### Prompt
Set down the listing exactly as given, minus images.

### Collected data
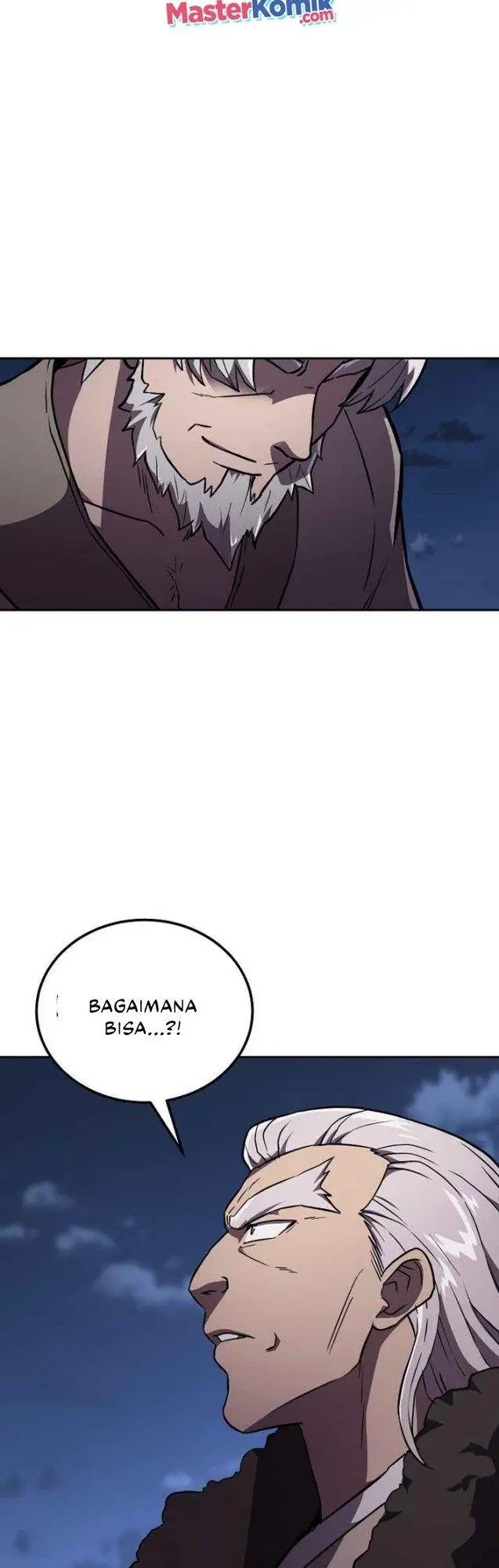 image-komik-millennium-spinning-chapter-35-40/58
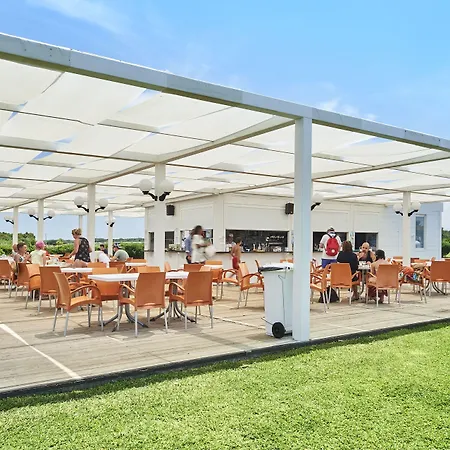 Riva Marina - Cdshotels Station touristique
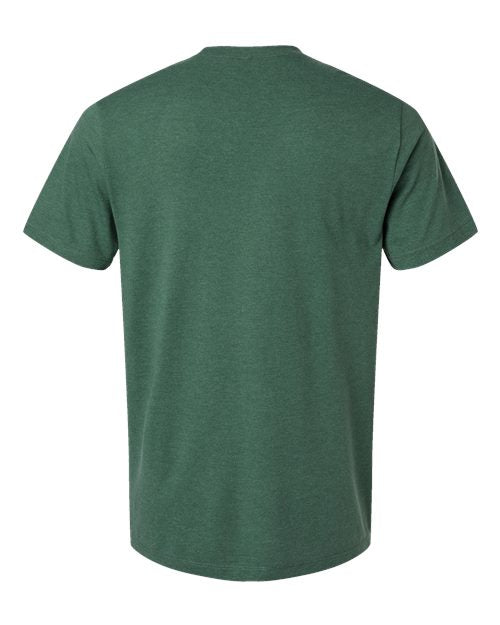 Alternative - Earthleisure Modal Triblend Tee - 4400HM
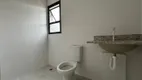 Foto 11 de Apartamento com 2 Quartos à venda, 72m² em Itaguá, Ubatuba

### Output below
 image-komik-millennium-spinning-chapter-35-40/58
 Riva Marina - Cdshotels Station touristique
 Alternative - Earthleisure Modal Triblend Tee - 4400HM
 Foto 11 de Apartamento com 2 Quartos à venda, 72m² em Itaguá, Ubatuba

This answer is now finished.